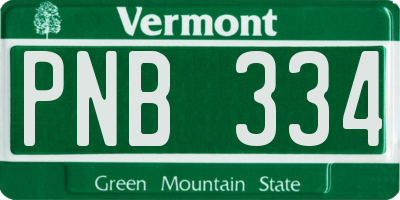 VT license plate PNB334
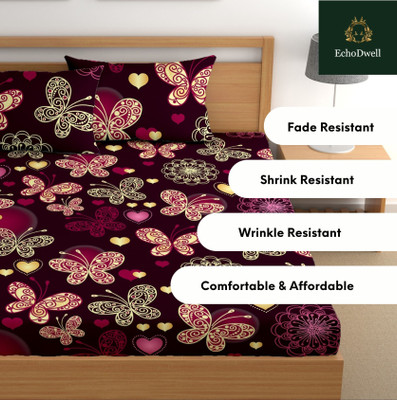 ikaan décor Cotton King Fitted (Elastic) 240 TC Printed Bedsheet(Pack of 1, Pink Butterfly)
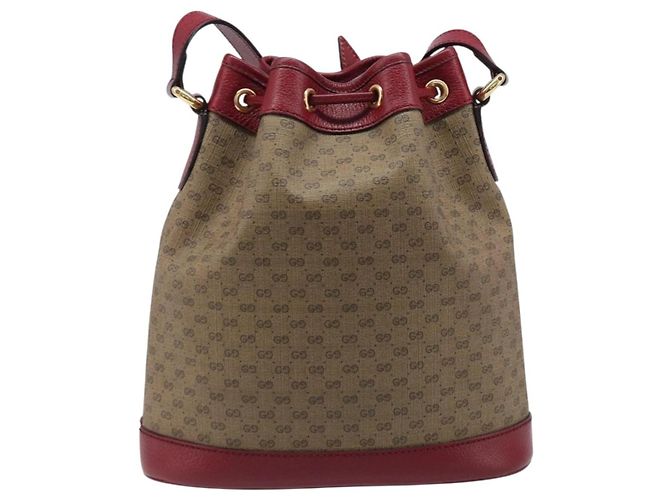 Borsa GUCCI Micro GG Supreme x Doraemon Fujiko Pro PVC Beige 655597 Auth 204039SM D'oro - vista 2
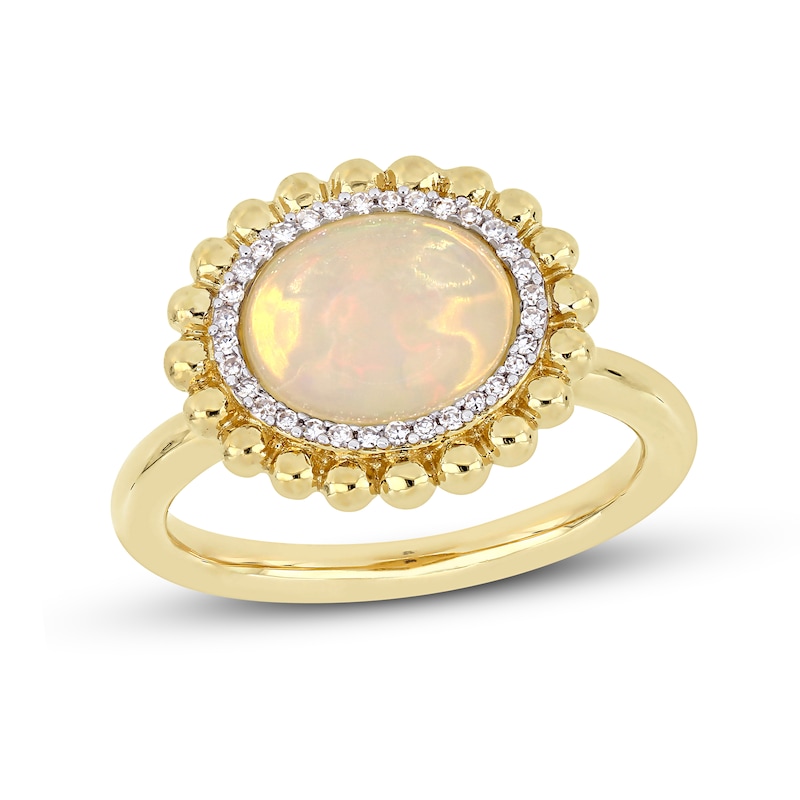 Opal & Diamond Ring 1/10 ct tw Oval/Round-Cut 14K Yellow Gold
* * * *
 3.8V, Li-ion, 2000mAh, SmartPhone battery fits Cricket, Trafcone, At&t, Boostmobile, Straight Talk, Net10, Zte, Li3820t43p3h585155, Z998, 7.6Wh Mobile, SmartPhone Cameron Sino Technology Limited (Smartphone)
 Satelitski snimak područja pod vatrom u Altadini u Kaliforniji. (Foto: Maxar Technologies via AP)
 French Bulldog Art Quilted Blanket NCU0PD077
* * * *
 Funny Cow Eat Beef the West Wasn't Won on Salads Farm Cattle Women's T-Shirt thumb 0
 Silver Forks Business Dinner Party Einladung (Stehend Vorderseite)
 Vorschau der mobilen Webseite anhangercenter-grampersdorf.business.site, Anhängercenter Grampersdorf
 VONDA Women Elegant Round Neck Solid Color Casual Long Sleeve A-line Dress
* * * *
With the line holding "Vorschau der mobilen" as the first and the line holding "VONDA Women Elegant" as the last, please transcribe exactly the lines of the material above in that range and nothing else.

 Vorschau der mobilen Webseite anhangercenter-grampersdorf.business.site, Anhängercenter Grampersdorf
 VONDA Women Elegant Round Neck Solid Color Casual Long Sleeve A-line Dress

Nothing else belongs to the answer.